━━━━━ RECORDS SUPPLIED
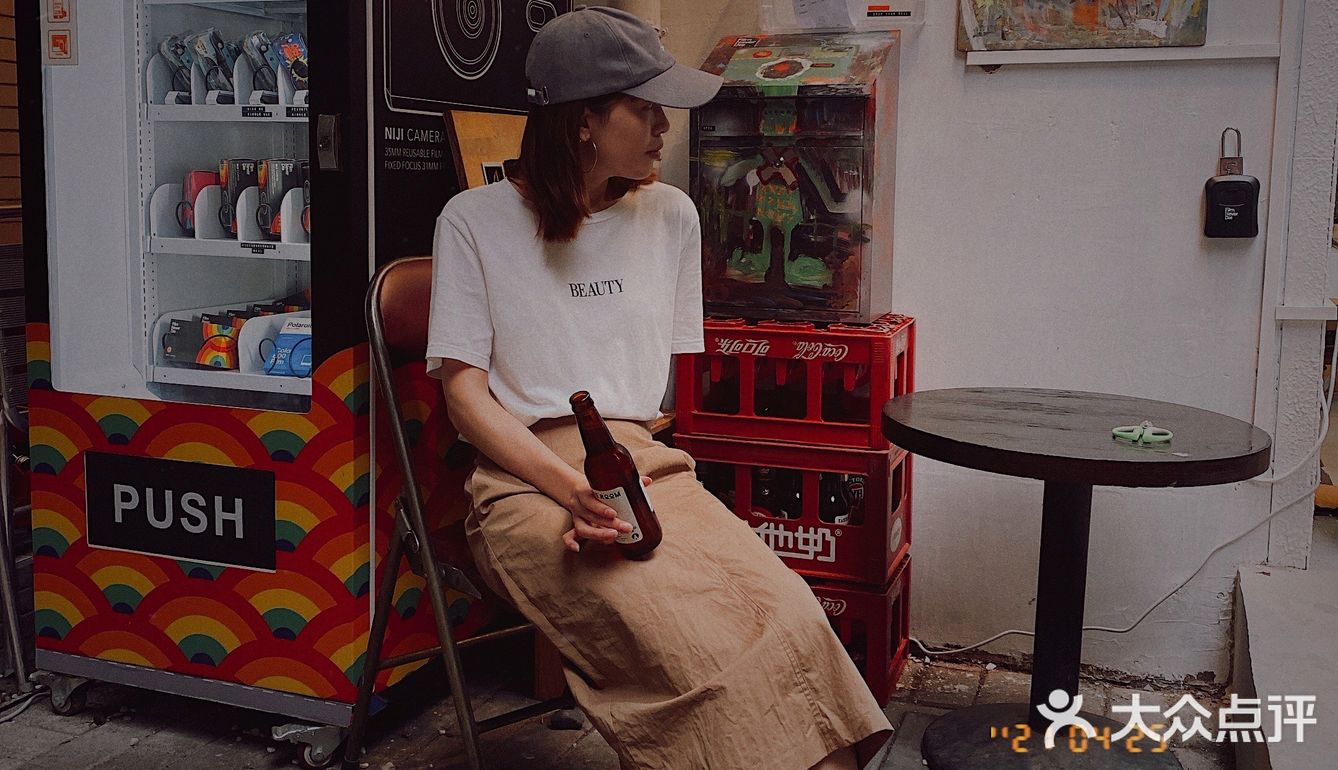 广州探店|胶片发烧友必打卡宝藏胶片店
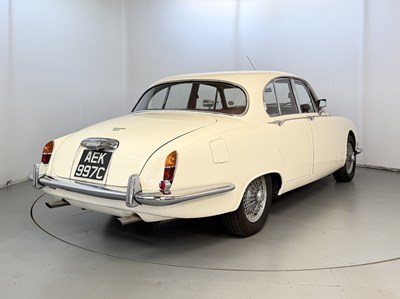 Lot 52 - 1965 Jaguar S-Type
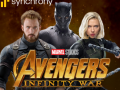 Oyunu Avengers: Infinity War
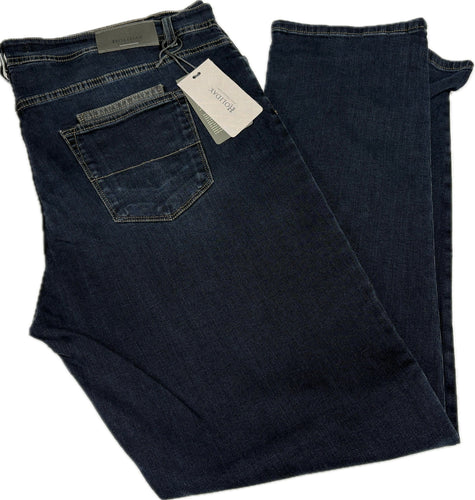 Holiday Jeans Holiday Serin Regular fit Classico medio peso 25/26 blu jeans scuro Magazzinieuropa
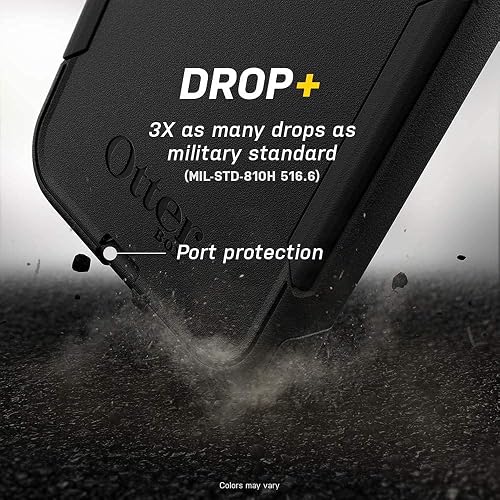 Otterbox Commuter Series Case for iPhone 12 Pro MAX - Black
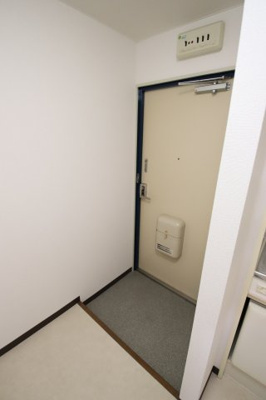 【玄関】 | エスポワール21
━━━━━━━━━━
━━━━━ RECORDS SUPPLIED
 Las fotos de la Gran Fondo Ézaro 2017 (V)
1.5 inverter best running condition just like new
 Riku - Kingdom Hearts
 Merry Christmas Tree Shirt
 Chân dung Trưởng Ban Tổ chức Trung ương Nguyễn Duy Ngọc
━━━━━━━━━━
:: WHAT TO DO ::
Take from the material above the lines running from the one with "Las fotos de la Gran Fondo Ézaro 2017 (V)" through the one with "Chân dung Trưởng", and repeat them exactly, with nothing else.

:: RESULT OF THIS TASK ::
 Las fotos de la Gran Fondo Ézaro 2017 (V)
1.5 inverter best running condition just like new
 Riku - Kingdom Hearts
 Merry Christmas Tree Shirt
 Chân dung Trưởng Ban Tổ chức Trung ương Nguyễn Duy Ngọc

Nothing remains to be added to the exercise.